This document provides suggestions for executives to evaluate their current disaster avoidance plans or, should a plan not exist, provide directional measures to protect their information and communications systems. It is broken down into 3 functional areas: General Planning, Data Center Preparation and Communications System Continuance. This checklist does not cover human resources, insurance protection or crisis management communications.
DR Team, Communication and Organizational Plan:
- Establish a Disaster Recovery (DR) functional team made up of mission-critical employees of major departments. Have a back-up person for each individual on the team.
- Elect one spokesperson from the group for communication.
- In the event of a multi-location organization each location should have a core team or representative that works with the corporate entity.
- Risk Assessment – Identify key organizational risks in the following areas:
- Information – What information and information systems are most vital to continue to run the business at an acceptable level?
- Communication Infrastructure – What communications (email, toll free lines, call centers, VPNs, Terminal Services) are most vital to continue to run the business at an acceptable level?
- Access and Authorization – Who needs to access the above systems and in what secure manner (VPN, SSL, DR Site) in the event of a disaster?
- Physical Work Environment – What is necessary to conduct business in an emergency should the affected location not be available? Internal and
- External Communication – Who do we need to contact in the event of an emergency and with what information?
- Categorize the key risks by geographic location and the impact of each scenario to critical business systems, business continuance, employees, and accessibility.
- Recovery Time Process Analysis – Stack rank all business applications, systems and if necessary, physical locations by Recovery Time Objective (RTO) and Recovery Point Objective (RPO) . The Recovery Time Objective (RTO) is the maximum duration of time allowable for complete restoral after a disaster (or disruption) to maintain an acceptable level of business continuity. Recovery Point Objective is defined as the maximum tolerable period in which data can be lost (from its last update or refresh state) from an IT service due to a major incident. The most critical systems to maintaining normal operations during a crisis event will have a LOWER RTO/RPO and a higher stack ranking in priority. For example, the CRM and Order Entry System may have an RTO of 4 hours with the maximum sustainable data loss of 2 hours RPO making this a Priority 1 application whereas system drives and folders for documents may have a lower RTO/RPO of 8 hours and 24 hours.
Use the above Risk Assessment and Recovery Time Process Analysis to use as a guideline in creating your Disaster Recovery Plan objectives. These objectives can then aid in the completion of the remainder of this checklist and ultimately be used to establish guidelines to communicate to the organization.
DATA CENTER CHECKLIST
Cloud-based Data Centers and Applications:
- Produce a written recovery plan that is hosted remotely in a secure and redundant data center. Schedule and test your plan at least once per year or in accordance with regulatory/compliance requirements.
- Ensure your deployment can properly meet the Recovery Time Objectives (RTO) and Recovery Point Objectives (RPO) outlined by the committee in your planning process. Validate your supplier’s SLA quarterly. The goal should be 99.999% on core applications.

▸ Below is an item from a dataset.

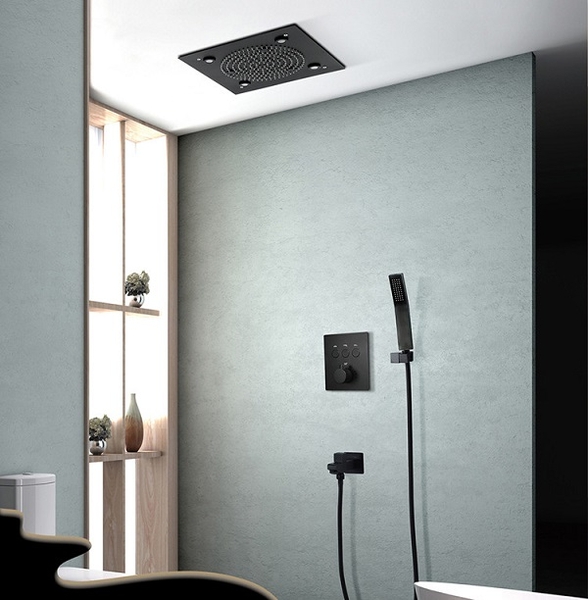 Sen tắm nhiệt độ âm trần Daelim màu đen đèn Led HI05078B (Bát trần 32x32cm - Đặt hàng 10-15 ngày)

- Ensure employees can access the hosted environment (both from within the business confines and remotely) during fail-over mode from the designated location/s.
Premise-based Data Centers:
- Produce a written recovery plan that is stored remotely.
- Identify water entry areas (including roof exposure) throughout the building and have sandbags available.
- Employ a non-water based fire-suppression system.
- Install VESDA smoke detection and thermal detectors.
- Ensure there are no windows in the data room.
- Have a fail-safe alarm system.
- Place high-temperature sensors on fire sprinkler heads if non-water based fire-suppression is unavailable.
- Provide adequate cooling and ventilation.
- Keep your data center above street level and place critical servers as high as possible in the rack. If you are in a single-floor building, raise your racks from the floor.
- Employ multiple internet service/data providers and test for failover regularly.
- Purchase uninterrupted power supplies and provide for generator access where necessary.
- Determine how much fuel is required for a pro-longed outage.
- If you don’t own the property evaluate your landlord’s systems and priorities for refueling.
- Determine alternate ways to fuel the system should fuel trucks be unable to get to your area for several days.
- Have back-up fuel contracts
- Evaluate Natural Gas supply in your area
- Contract for back-up emergency generators (roll-ups)
- Parallel power (A+B) for rack hardware, preferably from two different sources
- Multiple battery line ups with continuous power
- If you employ physical tape back-up take the ‘human factor’ out of your recovery. Tape back-ups should be removed daily (pending RTO/RPO objectives) and stored in a secure, easily accessed public building with at least 2-3 individuals having keys to the location.
- Back-up data to a geographically distant location, either electronically, or ensure physical media is in a diverse location and can be transmitted in a time conducive with your RTO/RPO.
COMMUNICATIONS SYSTEMS: TELEPHONY
Hosted Telephony systems:
- Employ multiple internet providers and test for failover regularly
- Verify that critical phone numbers have the ability to Call Forward in an Unreachable condition
- Pre-deploy additional handsets to remote locations (other offices or home offices) to allow a distribution of calls in the event of an office shutdown
- See all component of Premise Based Data Center
- Prepare a checklist of key telephony vendors to quickly (if possible) re-route calls to enable alternative ring-to locations and numbers.
- Designated emergency personnel to take company and triage calls.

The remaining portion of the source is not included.